The three new funds, the Building Australia Fund, the Education Investment Fund, and the Health and Hospital Fund, are signs of a Government developing long term goals for Australia, and of a willingness to place today’s returns from the resource sector into long term national investments.

National infrastructure is, however, more than ports, road and rail. There must also be intellectual infrastructure developed so that we are equipped to produce the new technologies required by future generations. The Education Fund of $11 billion has the potential to provide that in part, but only if the other research and development sectors such as CSIRO, Geoscience Australia, ANSTO etc. are kept strong.

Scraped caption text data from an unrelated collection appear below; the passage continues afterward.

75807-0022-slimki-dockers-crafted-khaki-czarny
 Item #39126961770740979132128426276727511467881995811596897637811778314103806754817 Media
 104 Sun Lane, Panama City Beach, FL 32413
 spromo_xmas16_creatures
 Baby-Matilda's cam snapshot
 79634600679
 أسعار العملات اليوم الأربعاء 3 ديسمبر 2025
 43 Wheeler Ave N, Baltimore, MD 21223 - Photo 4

On education, the important new initiatives are the funding for increased undergraduate scholarships, for the 100% increase in Masters and PhD scholarships, and the creation of the 1000 mid-career fellowships, the Future Fellowships. Together they go a long way towards meeting the needs for creating an innovation-rich society.

The 50% HECS cut for maths and science graduates who become teachers is strongly supported by the Academy. The question that needs to be asked is what improvements will occur in the secondary school system to enhance science literacy in the community and generate well trained students for our universities who can take up the scholarships and fellowships of the future. Innovative secondary school programs such as CSIRO’s ‘Scientists in Schools’ or the Academy’s own ‘Science by Doing’ programs have not been mentioned.

For run-down universities the promised spending of $500 million on capital investment in facilities before the end of the fiscal year will be very welcome, as is the creation of the Education Investment Fund. However, the latter is tempered by the fact that the Higher Education Endowment Fund has been rolled into it and that the new fund is also available for vocational education and training institutions. With the new name there is also the possibility that its applications will not be restricted to the tertiary sector in the future. If this occurs, the foreshadowed additional funds would be essential.

Climate change

The Government moderated its pre-election rhetoric and deferred spending of around $900 million, however it has signalled potential for significant increase next year in preparation for implementing the emissions trading scheme.

$2.3 billion funding over 5 years has been identified for reducing greenhouse gas emissions, adapting to climate change, and developing renewable energy resources. These are welcome commitments.

They include the $500 million Renewable Energy Fund and $500 million Clean Coal Fund although it must be noted that $400 million has been deferred to a second term. Likewise, the Green Car Innovation Fund has a start date of only 2011, after completions of reviews.

The $150 million Energy Innovation Fund may have an important impact in maintaining interests in Australia and in keeping technological developments on shore. But it is put into some perspective if this expenditure is for five years, and there are at least five competing new technologies that warrant closer investigation and development.

Taken together they do represent a major source of new investment but they do not fully reflect a sense of urgency in addressing the climate change challenges.

Initiatives to help consumers conserve energy and water raise awareness as well as promoting useful practical measures and saving consumers money.

The announced investment of $150 million to help Australia’s neighbours adapt and respond to climate change is a welcome recognition that Australia is prepared to play a regional leadership role in living with climate variability.

The Academy considers the government’s cuts to ethanol projects are justified until the consequences of large scale production on food and water are better understood, and supports the Government’s continued investment in second generation technologies.

In conclusion

The announced funding initiatives for education, climate change, education, health and hospitals, and infrastructure are a first step in the development of an innovative Australia that can survive the post-resource boom. There are many challenges ahead. The principal one is for the Government to get the outcomes of its reviews in place in time to see the results in the second Rudd Government budget.

This places all the more emphasis on the importance of the conclusions from various innovation and research reviews, announced to be completed well in advance of the next budget preparations, if we are not to lose another year in what, by the Government’s own recognition, is an urgent task.